Storm Front by Jim Butcher

There’s a strange medium that some stories are able to occupy. The quality is very strongly in the middle. But they are good enough. In fact they are so good enough that they inspire huge fan bases and generate prodigious amounts of income for their creators.

What is it that makes these works of mediocrity so successful?

My argument is that there must be some aspect of the story that is exceptional. Some aspect resonates with people and their daily struggles, their surroundings or situations. It’s probably something different in every story but most often it is the characters. The plot can be predictable and the writing only serviceable but the characters need to be immediately real and with real problems. So much of popular media is like this.
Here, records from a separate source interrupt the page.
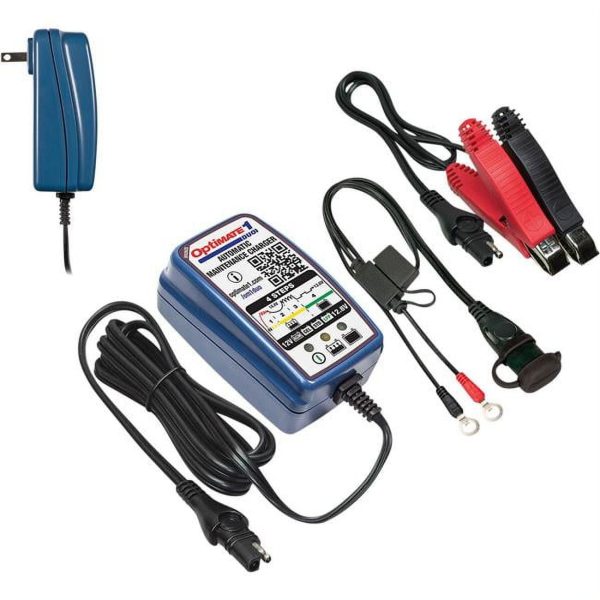 Tecmate OptiMate 1 VoltMatic 6V/12V 0.6A Battery Charger/Maintainer (TM-401A)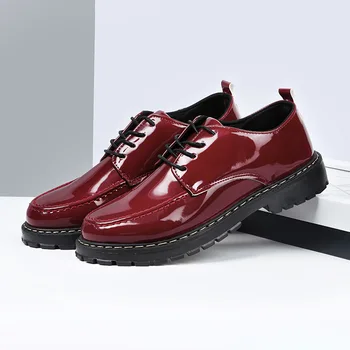 Barbati Piele de Pantofi Brogues Vestimentar Business Casual Barbati Designer de Pantofi Bărbați Casual Piele Naturala Mocasini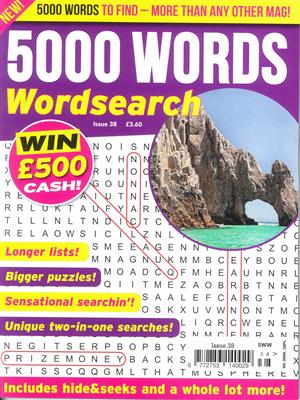 5000 Words Wordsearch, issue NO 38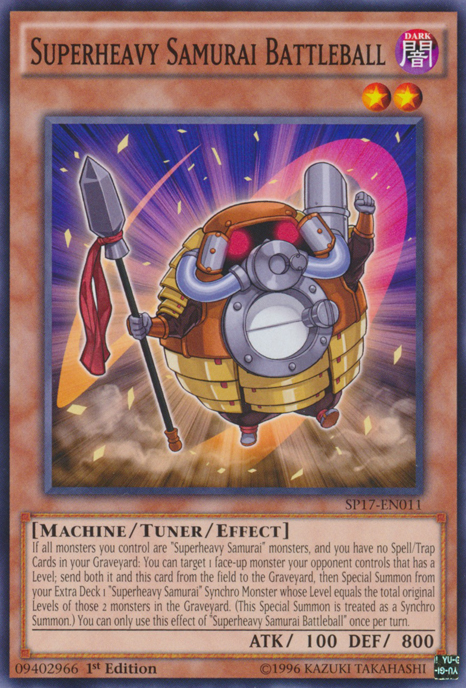 Superheavy Samurai Battleball SP17-EN011 Common、mySite、waistdrama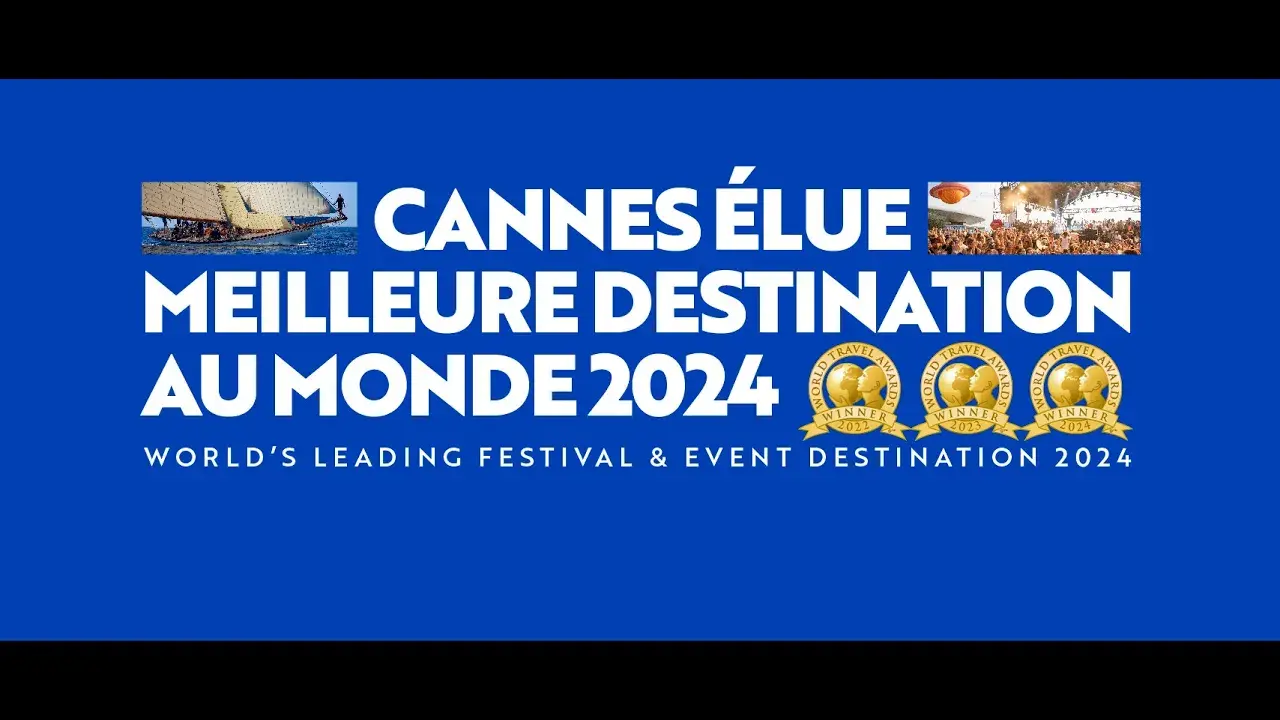 Cannes élue Meilleure Destination au Monde 2024, pour les Festivals & Événements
Storm Front is the first of an ongoing series of paranormal mysteries set in modern day Chicago about a wizard named Harry Dresden. Harry is the only wizard in the phone book and he specializes in finding people and things.

This book feels like an obvious first novel. The prose is rudimentary – not painful but somewhat clumsy. The plot is puerile to the point of lunacy so that the only people who don’t immediately know what is going on are the characters in the story. Many of the ‘comic’ situations can be seen coming as soon as the setup starts.

It’s clumsy, and gawky and stumbles about but it doesn’t fumble. The reason it doesn’t fumble is because of Harry Dresden and the supporting cast of characters that seem to bubble up around him like swamp phantoms. In fact every character that Harry meets seems to resonate in some way. Even people that get killed in the next scene are so vivid that they come right off the page and read along with you.

I find it interesting that so much can be overlooked when a cast of such strength fills in the holes.

I can only assume, at this point, that Jim Butcher gets better. What puzzles me, though, are the examples of this same kind of device. It seems that much of our most popular fiction, in any medium, seems to rely on this same kind of crutch. Mediocre elements, unoriginal story and ideas, are thrown together with some brilliantly interesting and fun characters and we love it.

How much better could something be if a writer took the time to craft each of those elements into something masterful and smooth?

Unfortunately those stories are not the ones that get movie options. Why do we love mediocrity in our stories?

Perhaps it is the same reason we love restaurant chains and huge departments stores. It’s good enough and, more importantly, it’s familiar and easy. Familiarity – lack of originality – makes it easier to understand. I like easy.